Kira-Kira by Cynthia KadohataI'm not sure how I discovered Cynthia Kadohata but it was definitely through a blogging connection. Although born in Chicago, Kadohata spent her early youth in the Deep South. Her own experiences as a Japanese American color her work, including the two middle grade books I loved: Weedflower about her father's experiences in an interment camp in Arizona, and Kira-Kira about a Japanese family that relocates from Iowa to Georgia in the postwar years. Her debut novel, The Floating World, has similar themes geared to a young adult audience. In the Heart of the Valley of Love is a futuristic look at Los Angeles written for teens, and her latest book for younger readers is The Thing about Luck, published just last month. No matter your age, I recommend both Kira-Kira, which is a Newbery Medal winner and received the Asian/Pacific American Award for Literature, and Weedflower, which won a PEN USA Award. Wish Kadohata a happy belated birthday; she turned fifty-seven on July 2.

The Black Echo by Michael ConnellyDid you know that Michael Connelly started out as a crime beat reporter for a Daytona Beach newspaper in the early 1980s? No wonder he seems to get the details just right for his award-winning Detective Harry Bosch books, which are set in Los Angeles. His first crime novel was released in 1992, and since then he has written about thirty books, spanning three series. The Bosch books start with The Black Echo, and the latest installment, The Gods of Guilt, is out this year. The five-book series featuring lawyer Mickey Haller, Bosch's half-brother, begins with The Lincoln Lawyer, which was made into a feature film. The protagonist of  a spin-off series is Jack McEvoy, who is a crime reporter and is featured in some of the Bosch books. Connelly has also written a few stand-alone novels centered around people who appear in his series. Connelly has the talent to create recurring characters we love to root for. His plots are compelling, sometimes grizzly, and always entertaining. Celebrate his fifty-seventh birthday on July 21 by picking up The Black Echo.

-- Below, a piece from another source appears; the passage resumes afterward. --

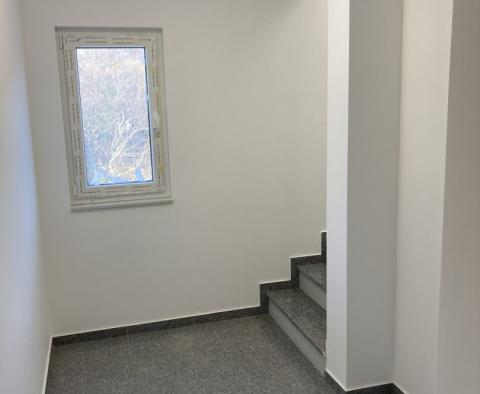  Penthouse in a new building, second row to the sea, in Dramalj, for sale - pic 12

rhapsodyinbooks 7/5/13, 8:03 AM  

Great choices! And yes, Hesse is so "college" LOL

Amanda 7/5/13, 8:38 AM  

I admit, Herman Hesse still scares me, despite having read Siddhartha a few years ago. i hoped that would help me to get over that fear, but I still haven't picked up anything else. I'm glad to hear the Glass Bead Game is good. I've seen the audio of that one at my library, and wondered if I should pick it up...

bermudaonion 7/5/13, 9:22 AM  

Connelly is the only one I've read. :/

Daryl 7/5/13, 10:17 AM  

never read Hesse, not sure why but i am a HUGE fan of Connelly tho i feel the character traits shared by Mickey and Harry are too strong not to feel like lazy writing .. nevertheless Connelly is always a good read ... now i need to check out Kadohata.. thanks!

Amy 7/5/13, 1:09 PM  

lol I was actually into Hesse in high school we read Steppenwolf, but I'd already read a bunch by then.

Love this post!

Belle Wong 7/5/13, 2:26 PM  

Kira-Kira sounds like a good read - I'll have to add that to my TBR. I've tried a few Bosch novels in audio, but never did finish them - I should probably give them a try in print.

Julie P. 7/5/13, 8:02 PM  

Michael Connelly is one of my absolute favorite authors!

thecuecard 7/5/13, 8:40 PM  

Yes I remember Hesse was so in then! We dissected Siddhartha -- who can forget?! cheers.

Nise' 7/5/13, 11:28 PM  

Yep! I read Hesse in college too.

caite 7/6/13, 5:02 AM  

I must have missed my Hesse phase...but I do like Michael Connelly!